Use Hamming when designing FIR filters because its non-zero endpoints give slightly better passband ripple.

Use Blackman or Kaiser when you need to measure a weak component sitting close to a strong one. The −57 dB / −60 dB sidelobe floor allows you to see signals 600× weaker than a nearby dominant tone.

Use Rectangular for transient or impulse signals where the signal is already zero at the edges, or for coherent averaging where you know the signal is periodic with exactly $N$ samples.

Connection to filtering

Windowing is multiplication in the time domain. By the convolution theorem, multiplication in time equals convolution in frequency: applying window $w[n]$ to a signal smears each spectral line by convolving it with $W(f)$.

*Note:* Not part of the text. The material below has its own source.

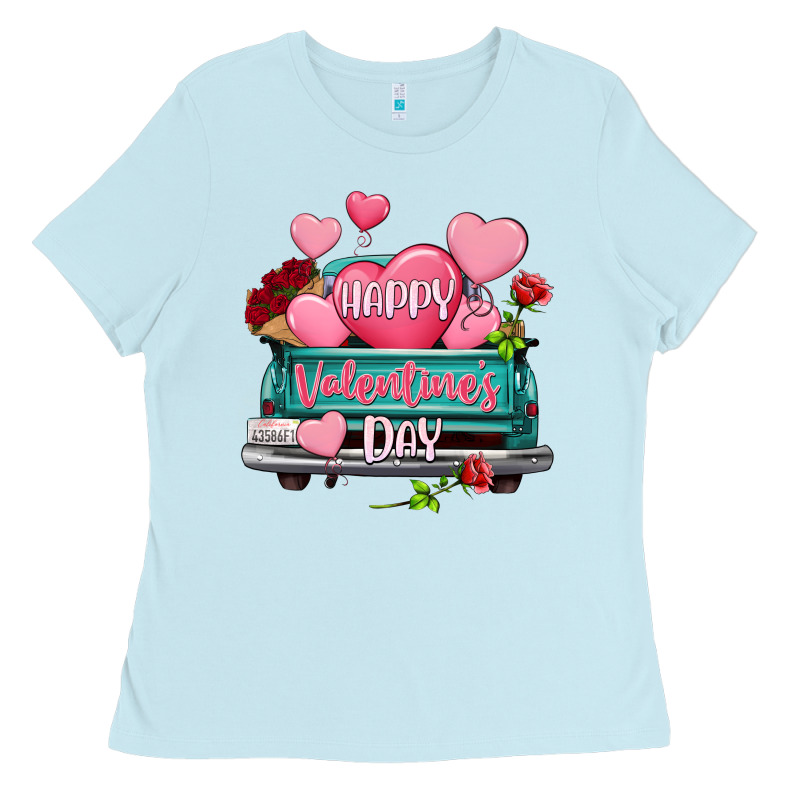 Happy Valentine's Day Turquoise Truck Ladies Tee by HowdyJamesFarm | Teevron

A rectangular window has a $\text{sinc}$-shaped $W(f)$ with slow-decaying sidelobes. Smooth windows have more concentrated $W(f)$, so nearby spectral lines stay separated. This is also why NxSignal.Filters.firwin is named for the window method: it multiplies the ideal (sinc-shaped) impulse response by a window to control the filter’s transition band and stopband behaviour.